LE DÉFI DE L'AMÉRIQUE LATINE
Par Noam
Chomsky, de La Jornada
Traduction ARLAC
Il y a plus d'un millénaire, bien avant la conquête européenne,
une civilisation perdue prospérait dans une région que nous
connaissons comme la Bolivie.
Les archéologues sont en train de découvrir que la Bolivie
possédait une société très sophistiquée et complexe, ou, pour
utiliser leurs propres termes, un des milieux ambiants
artificiels les plus étendus, les plus étranges et
écologiquement les plus riches de la planète... ses populations
et ses cités étaient grandes et formelles, créant un panorama
constituant l'une des oeuvres d'art majeures de l'humanité.
Aujourd'hui, la Bolivie, comme une bonne partie de la région, du
Venezuela à l'Argentine, a resurgi. La conquête et son écho de
domination impériale aux États-Unis sont en train de céder le
pas à l'indépendance et à l'interdépendance, qui marquent une
nouvelle dynamique dans les relations entre le nord et le sud.

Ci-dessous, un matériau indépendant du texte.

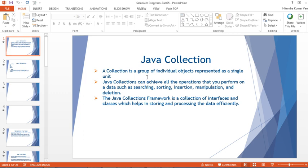The Collection Framework in Java is a framework that provides an architecture to store and manipulate a group of objects. If we want to perform certain actions on data — like addition, deletion, sorting, or searching — using Java collections we can provide all those operations. It is a group of objects and a framework which consists of different interfaces and classes such as List, Set, Queue, Map, etc.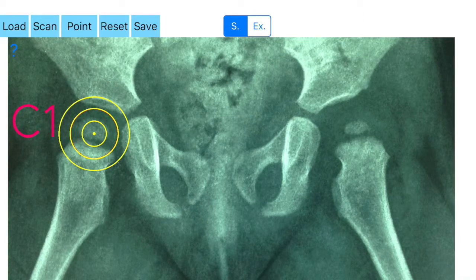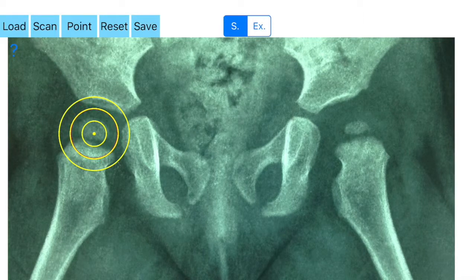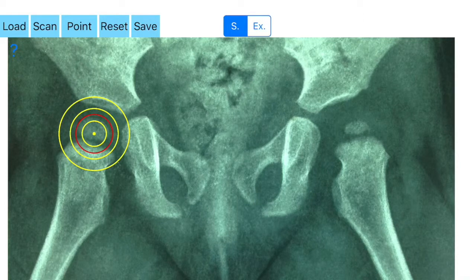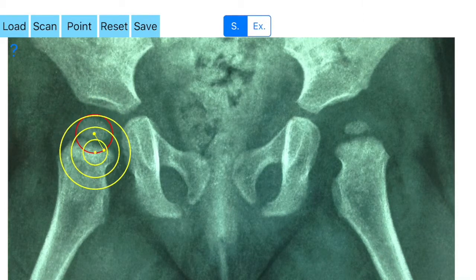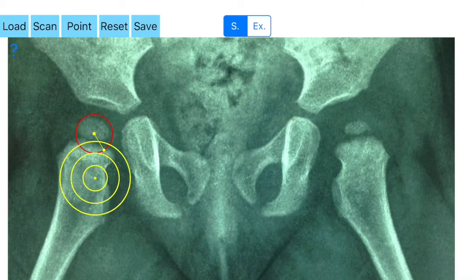C1 is marked. Next, a dynamic red circle appears with the C1 center point marked on screen. The radius of the circle changes dynamically, and by moving the attached finger, you again find the best-fit circle to the contour of the femoral head circumference. Once you find the best fit, you press the point button and the whole femoral head is marked by the red circle.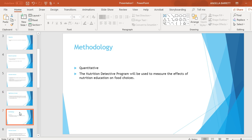Methodology: The research is quantitative in nature and involves an intervention. The Nutrition Detective Program will be used to measure the effects of nutrition education on food choices.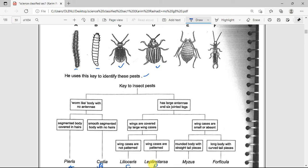Wing cases are small or absent: one has a rounded body with a straight tail — that represents one organism. Another has a long body with a curved tail — that is organism E, and the remaining one is organism F.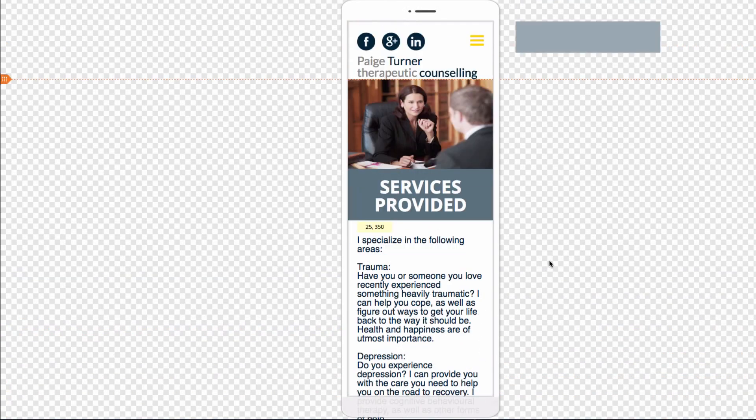I've shown you step by step how to create your own therapy website using pre-existing templates from therapy.website.com. If you have any more questions, feel free to contact our support or check out our YouTube channel for more tutorials. Thanks for watching!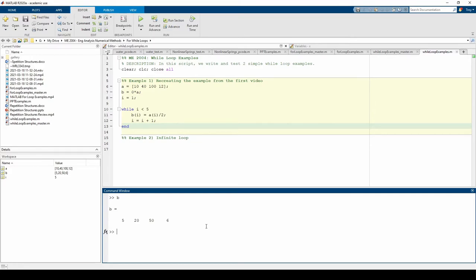This example illustrates that you can solve a problem using a for or while loop. Once again, one loop may be more advantageous than the other. Keep practicing until you feel comfortable with both.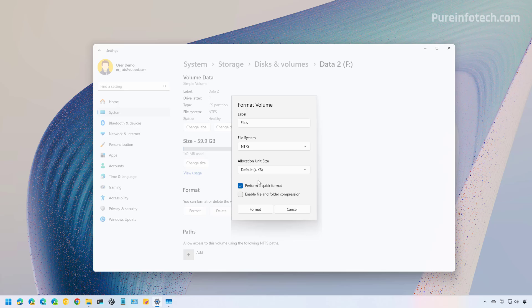The difference between quick and full format is as follows. The quick format, as the name suggests, is fast — it only takes a few seconds to complete. It doesn't actually erase the data; instead, it removes the pointers that tell your computer where the files are located, making the files inaccessible, but they can still be recovered if special software is used. Usually you use this option when you plan to reuse the drive and don't need to worry about data recovery.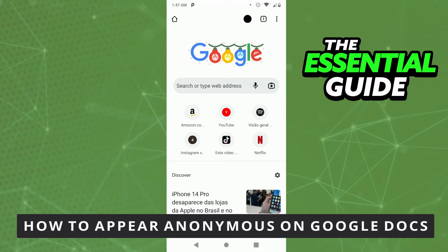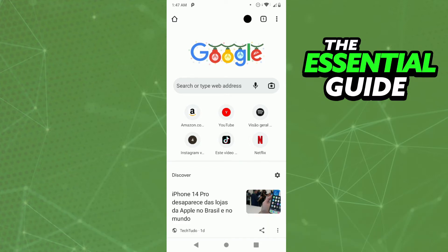The first thing you need to do is make sure your Google Apps on your cell phone is updated. And it's important to say that this works for any device you have — your Android, your iPhone, or on your computer. So you don't need to worry about that.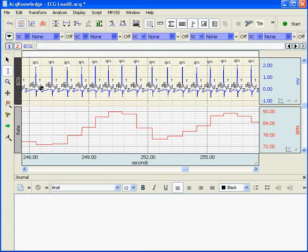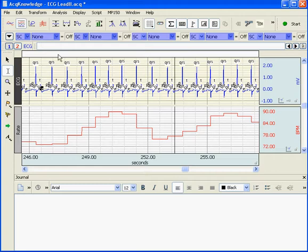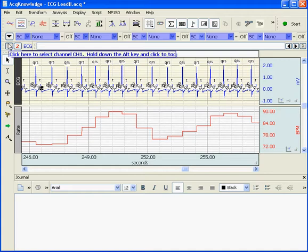When you first open Acknowledge with a file of sample data or previously recorded data, more often than not the measurements are set to None and the channel is set to SC. The first thing you need to pay attention to is the channel you want to take the measurement from and the type of measurement you want to choose.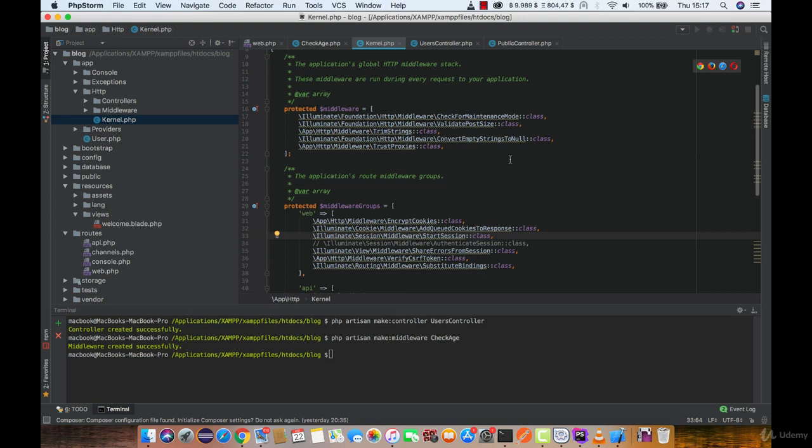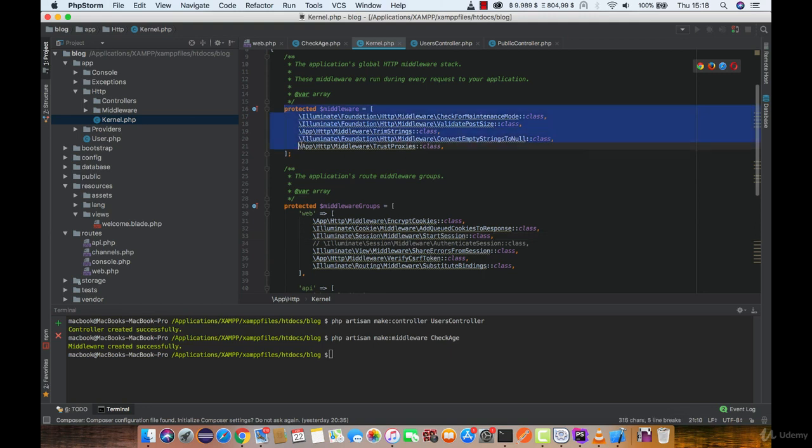Here we have a couple of different options. If I register the middleware in the first middleware array, it will be executed on every request in the application, including the API.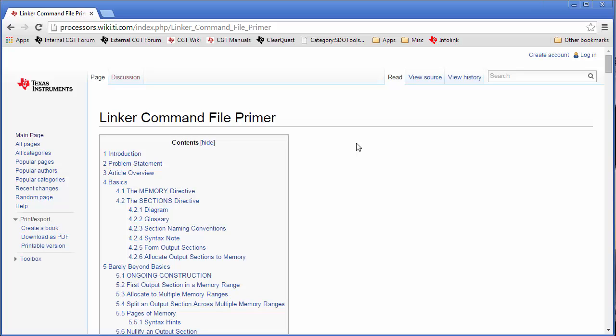So that wraps it up. I'm George Mock with Texas Instruments. Thank you for joining me on this video.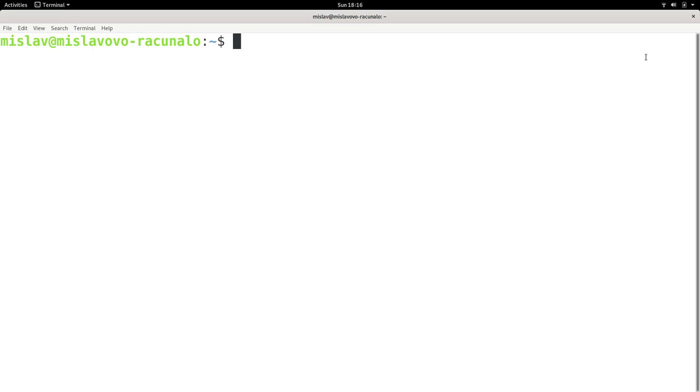So how do you do it? Well, there are two ways. You can type in exit and press enter, and that's what I'm going to do, or you can press Ctrl+D.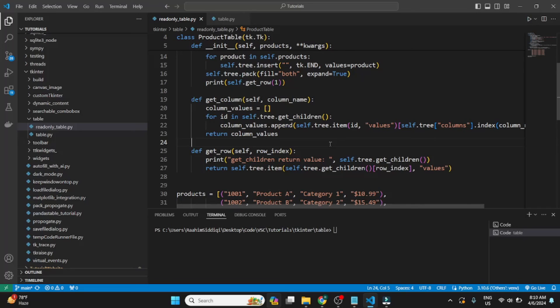Hope you guys enjoyed it. If you guys are interested in taking this concept further, we have another video. A follow-up video. Where we discuss how to make this table editable. Because right now, you can't edit it. You can only read the values. So, if you're interested, there'll be a link to it in the description below. See you guys later.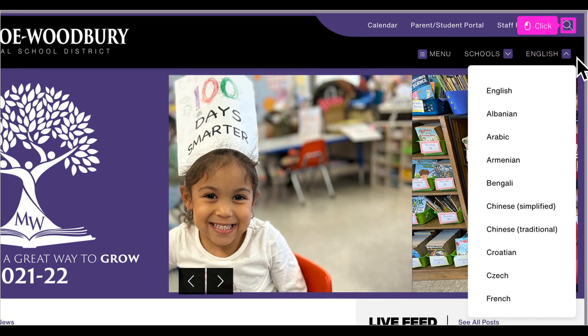If you are looking for something and still haven't found it, use the magnifying glass to search for what you need. Thank you for viewing this video. Please watch for more tips on our video help link.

Et tout cela a pour toile de fond la crise économique aux
États-Unis et dans le monde.
Pendant la dernière décennie, l'Amérique latine est devenue la
région la plus progressiste du monde. Les initiatives prises sur
tout le sous-continent ont eu un impact significatif dans les
pays et sur la lente émergence d'institutions régionales.
Parmi elles figurent la Banque du Sud, soutenue en 2007 par
l'économiste et prix Nobel Joseph Stiglitz, à Caracas,
Venezuela, et l'Alba, Alternative bolivarienne pour l'Amérique
latine et les Caraïbes, qui pourrait se révéler être une aube
véritable si sa promesse initiale peut se concrétiser.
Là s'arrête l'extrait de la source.